Não podemos conhecer verdadeiramente o que nunca existiu ou aquilo que nunca vimos ou de que só tivemos um relance. Muitas vezes lembro-me de duas cenas de filmes de Federico Fellini. Numa delas, de Roma, a entrada abrupta de oxigénio numa câmara subterrânea descoberta por arqueólogos destrói rapidamente frescos romanos que tinham estado isolados da atmosfera exterior. Vemos as imagens a desaparecer, como se derretessem, enquanto assobia a entrada do ar. É como nos filmes de horror, sabemos que os heróis não podem escapar à morte. Noutra cena, em A Cidade das Mulheres, um coleccionador afirma que a grande arte é tipicamente produzida nos períodos decadentes. Fellini era um autor que fazia grande arte e queria dizer que vivia num período de decadência. No que se refere ao cinema italiano, isso é evidente: ele foi um dos últimos.

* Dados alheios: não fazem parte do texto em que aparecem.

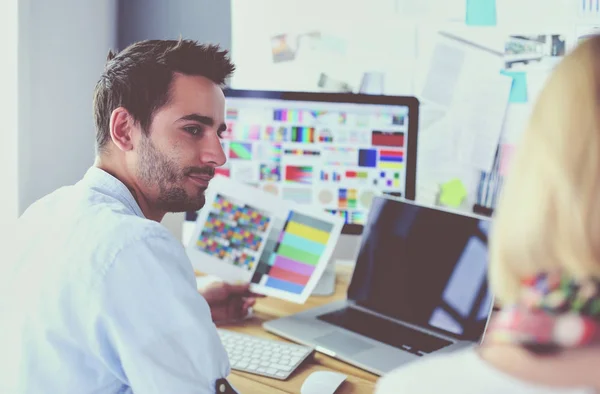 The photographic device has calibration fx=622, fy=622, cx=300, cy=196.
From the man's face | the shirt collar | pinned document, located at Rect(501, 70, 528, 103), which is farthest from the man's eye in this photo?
pinned document, located at Rect(501, 70, 528, 103)

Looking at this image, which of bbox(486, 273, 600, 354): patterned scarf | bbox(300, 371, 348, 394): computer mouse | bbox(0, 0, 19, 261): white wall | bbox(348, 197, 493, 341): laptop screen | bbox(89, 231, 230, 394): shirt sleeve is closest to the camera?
bbox(486, 273, 600, 354): patterned scarf

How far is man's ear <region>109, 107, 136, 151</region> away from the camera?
1075 mm

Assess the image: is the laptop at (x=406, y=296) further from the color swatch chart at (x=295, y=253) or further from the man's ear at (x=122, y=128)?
the man's ear at (x=122, y=128)

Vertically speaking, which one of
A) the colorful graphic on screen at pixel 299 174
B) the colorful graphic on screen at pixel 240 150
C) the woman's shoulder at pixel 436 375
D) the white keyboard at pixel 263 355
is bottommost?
the white keyboard at pixel 263 355

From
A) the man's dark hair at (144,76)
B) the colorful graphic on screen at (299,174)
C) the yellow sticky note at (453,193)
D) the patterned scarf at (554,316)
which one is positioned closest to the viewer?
the patterned scarf at (554,316)

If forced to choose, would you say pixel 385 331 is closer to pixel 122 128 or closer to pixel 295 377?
pixel 295 377

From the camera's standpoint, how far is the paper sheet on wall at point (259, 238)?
1405 mm

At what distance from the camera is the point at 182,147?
111cm

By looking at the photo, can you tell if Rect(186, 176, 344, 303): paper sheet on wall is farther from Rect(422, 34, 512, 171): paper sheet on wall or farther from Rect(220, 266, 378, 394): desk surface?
Rect(422, 34, 512, 171): paper sheet on wall

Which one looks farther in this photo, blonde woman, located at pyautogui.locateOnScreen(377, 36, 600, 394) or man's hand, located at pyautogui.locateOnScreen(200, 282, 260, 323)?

O triunfo do mercado tem um custo elevado para a cultura, a começar pela massificação. A globalização também é uma ameaça à biodiversidade. Os livros, claro, não vão morrer, pelo contrário, há cada vez mais títulos, embora muitas vezes pareça a diversidade dos supermercados, com a sua abundância de 150 marcas de sabonetes, todas com embrulhos diferentes e conteúdo igual. E também se pode dar o caso da travessia do deserto chegar ao fim e haver vales verdejantes do outro lado. A pressão pela novidade, a obsessão pela beleza jovem, o desprezo pela lentidão e a pressa da moda, tudo isto faz parte do mundo em que vivemos, feito de distracções, de telemóveis a tocar. E era sobre esse mundo que me competiria escrever. Sem uma razão especial.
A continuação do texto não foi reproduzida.